MillenniumPost
Features

Sujata's attempt to discover landscapes of rare variety

Sujata Kar Saha has charted a new course in 'discovering' landscapes of rare variety and entwining with them various moods and emotions, with superb finesse.

The strokes are free, with no lines to constrict them, yet one can feel the lines as well their edges. Colours have many shades, with variations ranging from vivid to subdued, while giving shape to a certain expression, mostly unearthing the joy of flight, and adventure. It is this adventurous nature of these painterly works, which attracts and engages us most.

We feel at times that vast vistas are being opened before us, under a clear vibrant sky, stretched to rugged terrains, plunging into shadowy chasms, sprawling wilderness that sit unfathomed, undisturbed. The forms and images speak to us intimately, by bringing the memories of the properties of nature, which we might have seen and felt at some point of time, yet now are face to face, with a nurturing quietude, a freshness and newness of their own.

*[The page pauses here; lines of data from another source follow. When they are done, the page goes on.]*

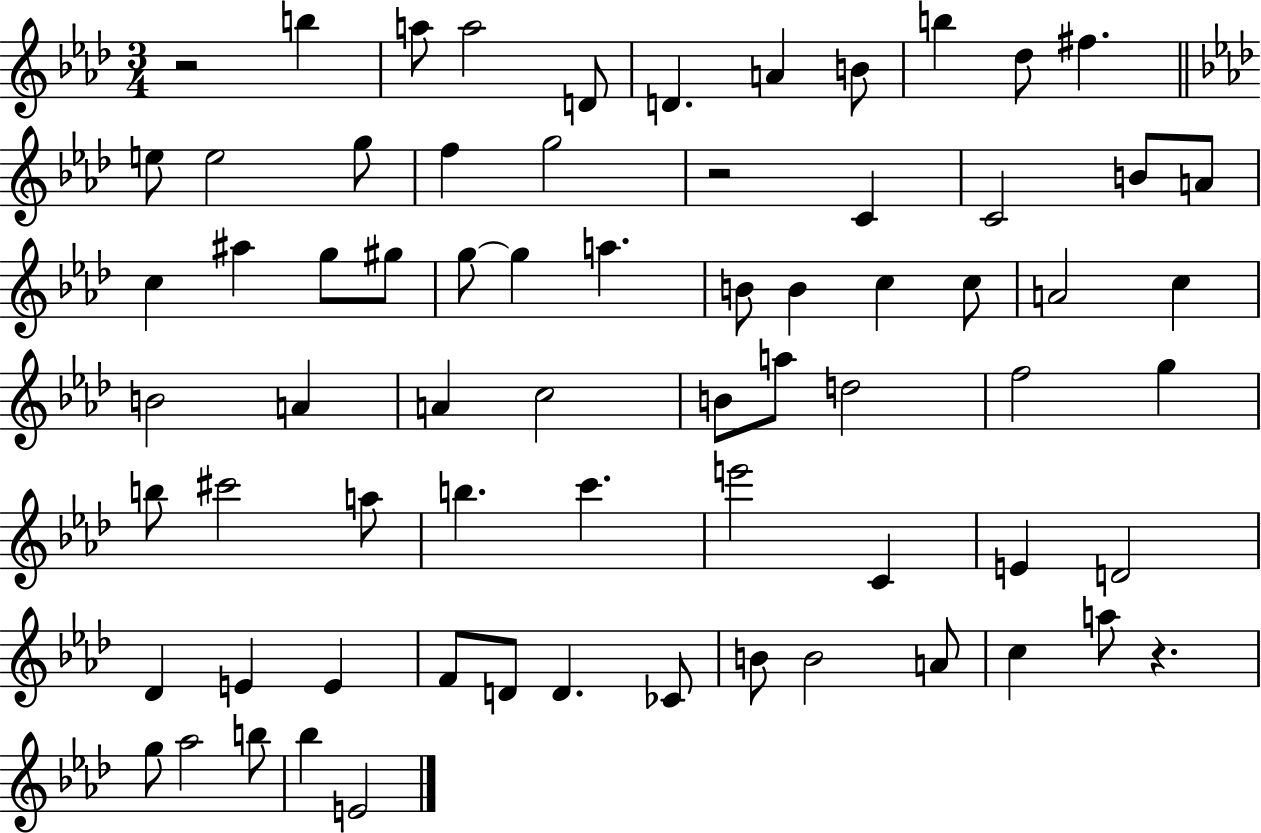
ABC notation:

X:1
T:Untitled
M:3/4
L:1/4
K:Ab
z2 b a/2 a2 D/2 D A B/2 b _d/2 ^f e/2 e2 g/2 f g2 z2 C C2 B/2 A/2 c ^a g/2 ^g/2 g/2 g a B/2 B c c/2 A2 c B2 A A c2 B/2 a/2 d2 f2 g b/2 ^c'2 a/2 b c' e'2 C E D2 _D E E F/2 D/2 D _C/2 B/2 B2 A/2 c a/2 z g/2 _a2 b/2 _b E2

Sometimes these works remind us of an evening sky where many images, forms and colours are merging and emerging vociferously, and one is tempted to call them 'skyscapes', yet we know that these are not of vaporous nature, and this is their beauty, as by viewing them we can get an essence of their expression, their poetry, which is truly shifting each time to a new domain of visual and sensual experience, refusing to settle down at one 'place'.

No one can miss the velocity and movement suggested by vigorous strokes, assembling a certain texture in the process, giving each image and colour a great variance, to ponder over.

Those who have seen the past works of Sujata, will take pleasure in these variances more, as her earlier palette was not so bold, and was not loaded with such a vivid and different variety of hues. To express herself she has chosen to be more carefree, spontaneous, this time with colours and forms alike.

This time the palette and brush of Sujata have fire and ice both, signaling he turbulences one faces in a 'flight', and calms down when they are over.

While viewing these works I was reminded of few lines from a poem by great Russian poet Boris Pasternak, titled 'The Wind' . "This is no blind and aimless rage, No urge to dare and defy; It is the anguished search for words, To sing to you a lullaby."